Au Canada, Les professeurs Pierre Trudel de l’université de Montréal et Louis-Philippe Lampron de l’université Laval soutiennent que les citoyens détiennent le droit inviolable d’accéder à l’information publiée par les élus.
Les droits à la liberté d’expression et à l’information.
Le droit à l’information recouvre deux droits inséparables : celui d’informer et celui d’être informé. La liberté d’expression comprend le droit de rechercher, de recevoir et de répandre de l’information.
Les technologies de l’information et de la communication représentent de nos jours un vecteur unique qui permet à la liberté d’expression et le droit à l’information de prendre toute leur ampleur. Afin de garantir l’exercice de ces droits, l’accès aux TIC et aux forums publics doit être garanti.
Le droit à l’information du point de vue du droit haïtien.
La Constitution haïtienne en son article 28 dispose que : tout Haïtien a le droit d’exprimer librement ses opinions, en toute matière par la voie qu’il choisit.
Selon l’article 40 : obligation est faite à l’Etat de donner publicité par voie de presse parlée, écrite et télévisée, en langues créole et française aux lois, arrêtés, décrets, accords internationaux, traités, conventions, à tout ce qui touche la vie nationale, exception faite pour les informations relevant de la sécurité nationale.
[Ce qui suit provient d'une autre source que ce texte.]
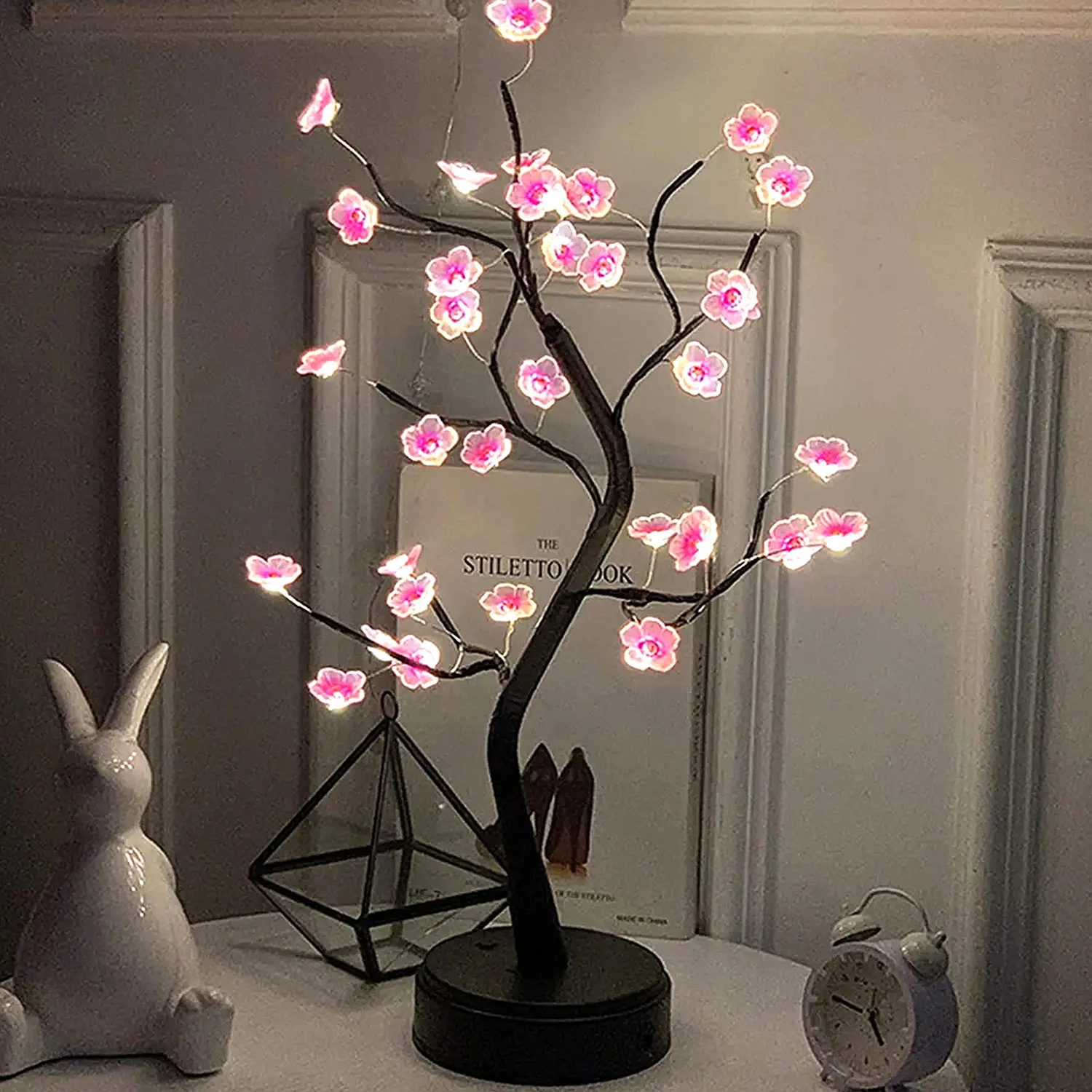 Cherry Blossom Tree Night Light USB Powered Touch Control LED Table Lamp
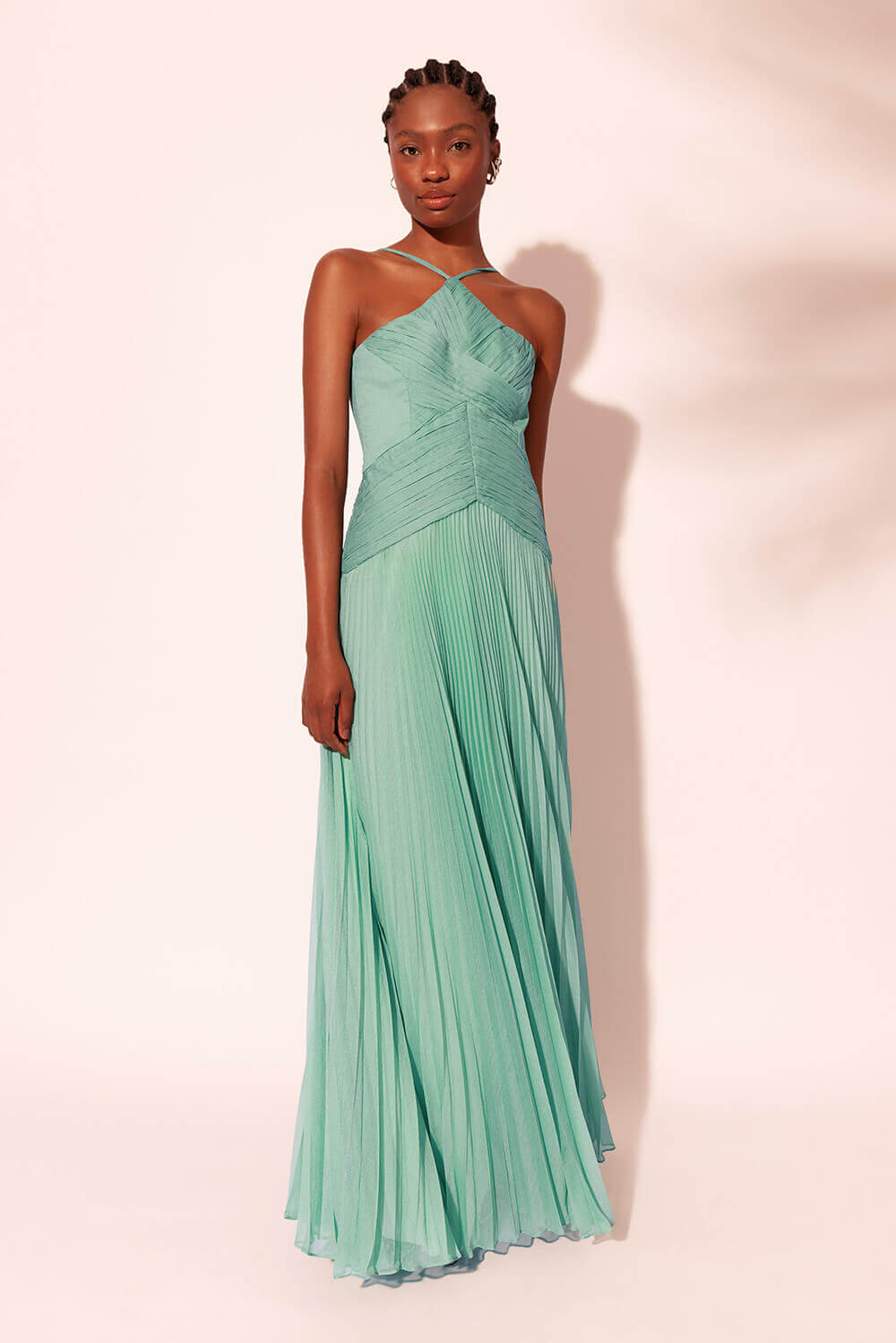 VESTIDO LONGO DRAPEADO SILKY RESORT VERDE MENTA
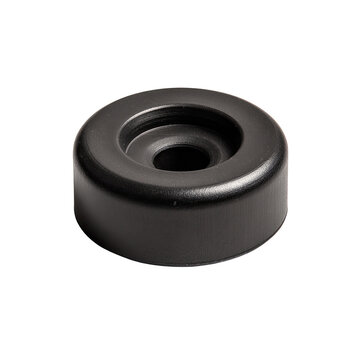 Black rubber foot, studio shot, isolated, furniture part, industrial background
Il ressort de ces articles que la Constitution haïtienne garantit les droits susmentionnés et pose les limites de leur exercice. L’haïtien a le droit d’exprimer ses opinions par toute voie qu’il choisit et peut les exprimer librement ; et de s’informer sur tout ce qui touche la vie nationale (y compris les informations que publient ces élus, détenteurs du pouvoir public et gestionnaires des institutions qui utilisent ses taxes) ; dès lors que l’exercice de ces libertés sont en conformité avec la loi et les principes internationaux.
Etant donné que la Constitution a été écrit à une période ou le web n’existait pas, certains pourraient arguer que les dispositions de la Constitution ne s’appliquent pas au cyberespace. Deux résolutions du Conseil des droits de l’homme de l’ONU sur la promotion, la protection et l’exercice des droits de l’homme sur Internet affirment que
« les mêmes droits dont les personnes disposent hors ligne doivent être aussi protégés en ligne, en particulier la liberté d’expression, qui est applicable indépendamment des frontières et quel que soit le média que l’on choisisse, conformément aux articles 19 de la Déclaration universelle des droits de l’homme et du Pacte international relatif aux droits civils et politiques ».
Ces décisions internationales entérinent donc la survivance de nos droits fondamentaux en ligne.
Un rapprochement des dispositions de la Constitution et de la décision du Conseil des droits de l’Homme, nous permet de conclure que le blocage d’accès aux comptes « officiels » qui divulguent de l’information qui touche la vie nationale aux citoyens pour leurs critiques ou leur opposition aux gouvernements ou élus est une violation du droit à l’information et de la liberté d’expression.
Les conditions pour parler d’« officialisation » d’un compte.
Toutefois, faut-il préciser que la liberté d’expression et le droit a l’information ne nous permettent pas de violer les droits d’autrui. Il est une constance dans la jurisprudence internationale que tout individu dispose du droit à la vie privée sur Internet. Ce droit implique la liberté de choisir et de restreindre à tout moment ceux qui ont accès aux informations qu’on partage sur le web.
Autrement dit, dans leurs usages privés des réseaux sociaux, les individus sont libres de bloquer une personne à tout moment et de choisir ceux avec lesquels ils veulent se connecter.
Le blocage constitue donc une violation lorsque le compte sert de canal de communication officiel de certaines personnalités et institutions.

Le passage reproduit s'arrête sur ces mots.